Passive-income investors, particularly newer investors, often struggle finding the best investments that can provide a growing source of income which can last decades.
Fortunately, there’s no shortage of great investment options on the market that can meet, if not exceed, any long-term income goal.
Even better, to the joy of passive-income investors everywhere, some of those great investments are on sale right now.
Here’s a look at two of the best long-term options for passive-income investors to consider buying this June.
Option #1 – The big bank with a huge upside
I would be remiss if I didn’t mention at least one of Canada’s big banks as a stellar option for income investors.
The big banks can offer stable income backed by a reliable domestic unit and a growth-focused international segment. Throw in a growing dividend and you have some of the best long-term buy-and-forget options on the market.
And that big bank to consider buying right now is Bank of Montreal (TSX:BMO). BMO is the oldest of Canada’s big banks and has been paying out dividends for nearly two centuries without fail.

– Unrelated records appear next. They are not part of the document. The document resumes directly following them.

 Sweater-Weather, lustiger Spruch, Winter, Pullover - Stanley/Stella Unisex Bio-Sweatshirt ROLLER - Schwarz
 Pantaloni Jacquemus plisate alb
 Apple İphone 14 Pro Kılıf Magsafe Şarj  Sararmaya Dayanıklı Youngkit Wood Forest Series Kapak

Today that dividend provides a juicy yield of 5.4%, making it a worthwhile addition for passive-income investors. And let’s not forget that BMO has provided annual upticks to that dividend without fail over the years.

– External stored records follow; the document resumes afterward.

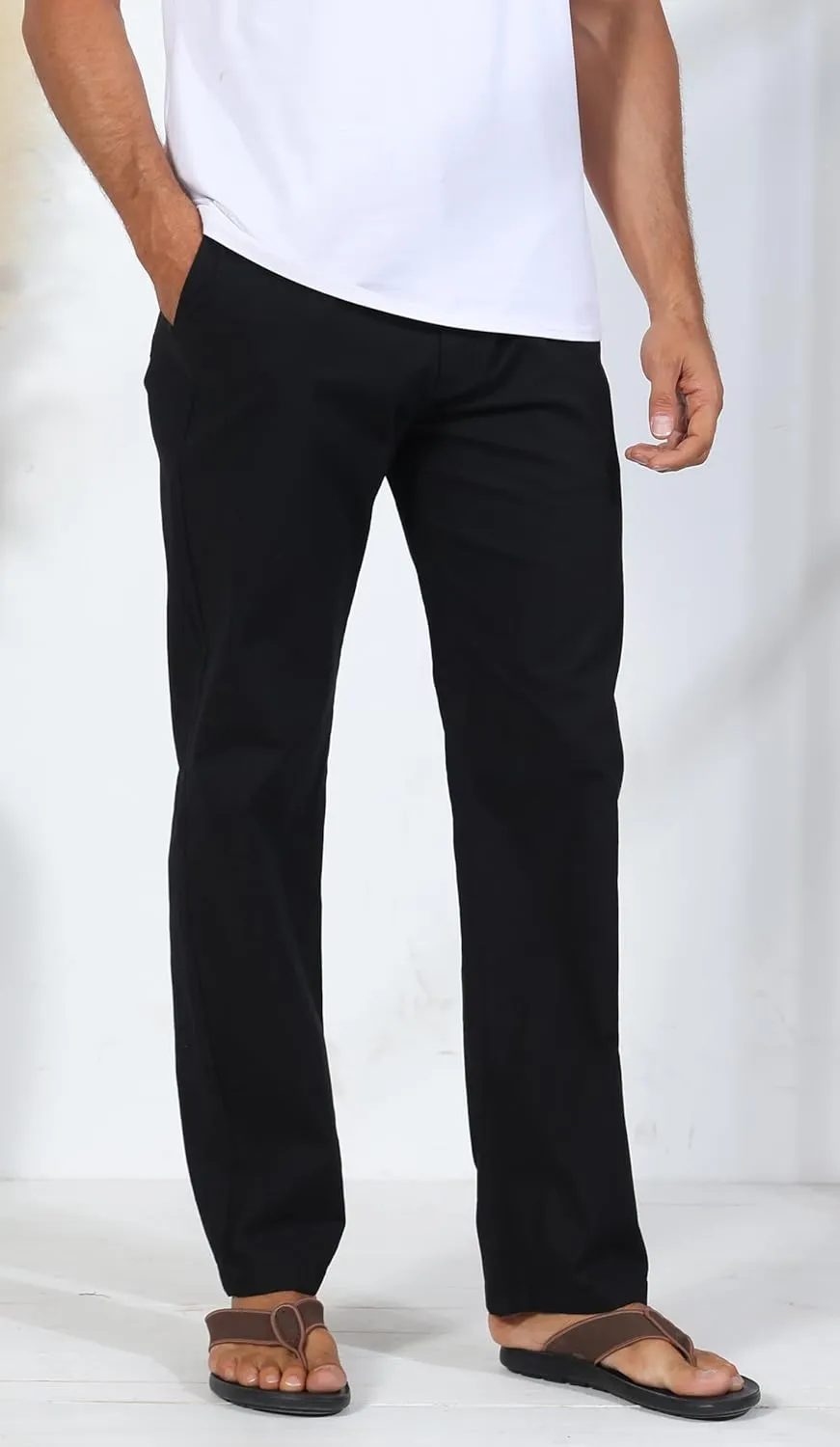 Soojun Men's Casual Linen Blend Relaxed Fit Straight Legs Elastic Waist Pants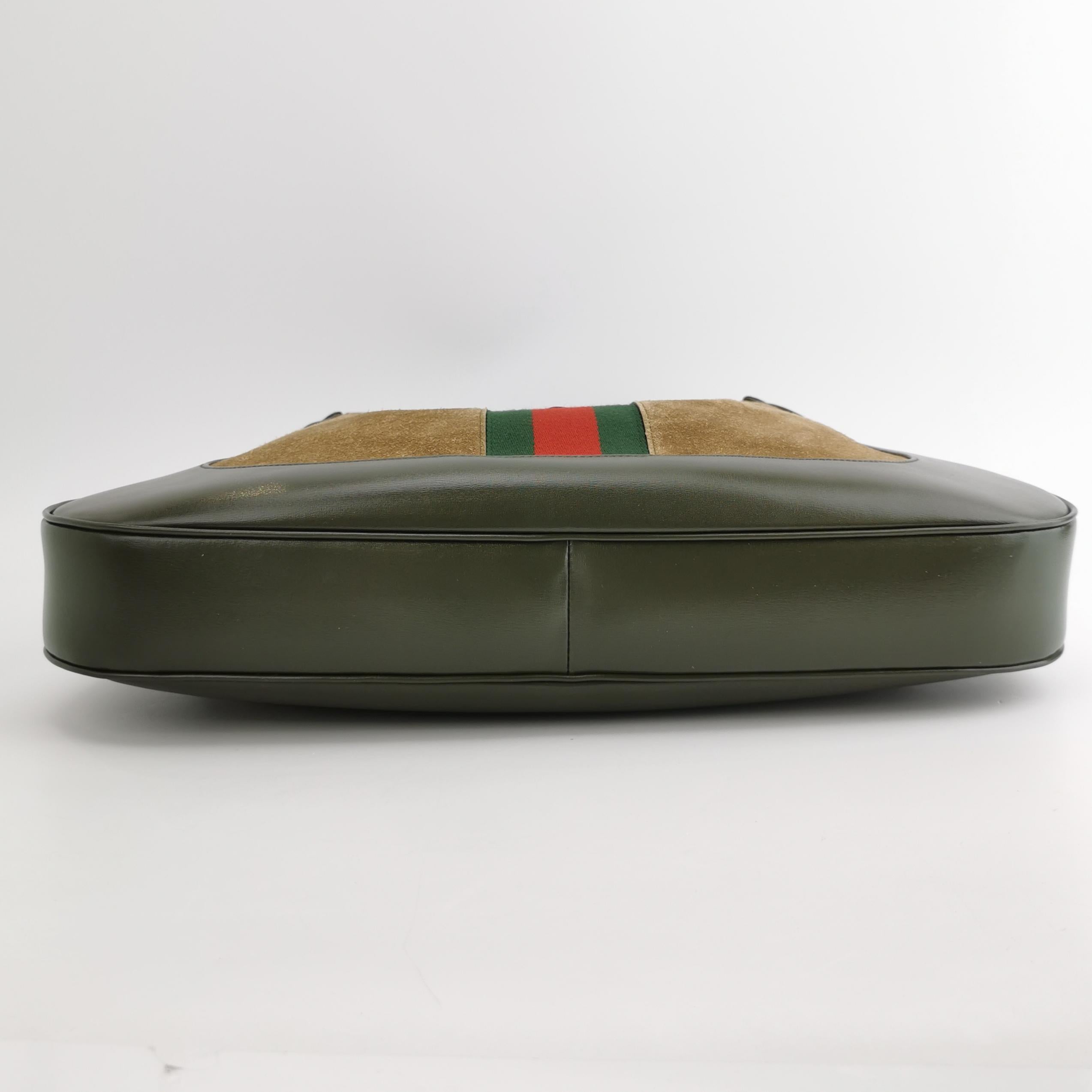 Gucci Jackie 1961 Large Green Leather and Suede Shoulder Bag with Long Strap 4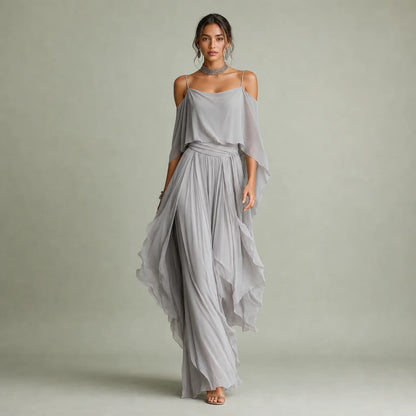 Women's Breathable Chiffon Outfit | Elegant Cold-Shoulder Flared Set 0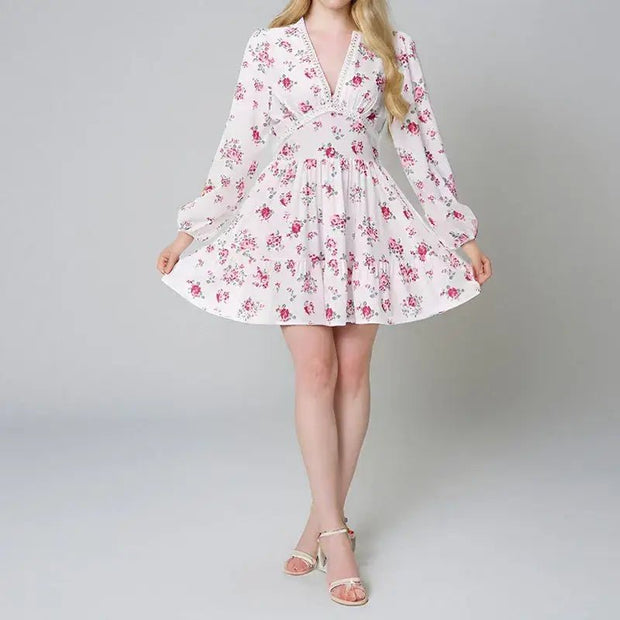 Floral Lace Deep V - Neck Summer Dress - Pretty women dresses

Turning to growth, BMO’s focus is squarely on the U.S. market. Following its well-covered acquisition of Bank of the West, BMO operates across 32 state markets. That also means the bank is one of the largest in the U.S. market, with billions in deposits and millions of customers.
As of the time of writing, BMO trades down year to date by a whopping 11%. This makes it an appealing option to buy to hold for the longer term while it’s still trading at a discount .
Note that passive-income investors who aren’t ready to draw on that juicy income yet can reinvest it until needed. This will allow your BMO position to grow on autopilot for what could be decades of growth.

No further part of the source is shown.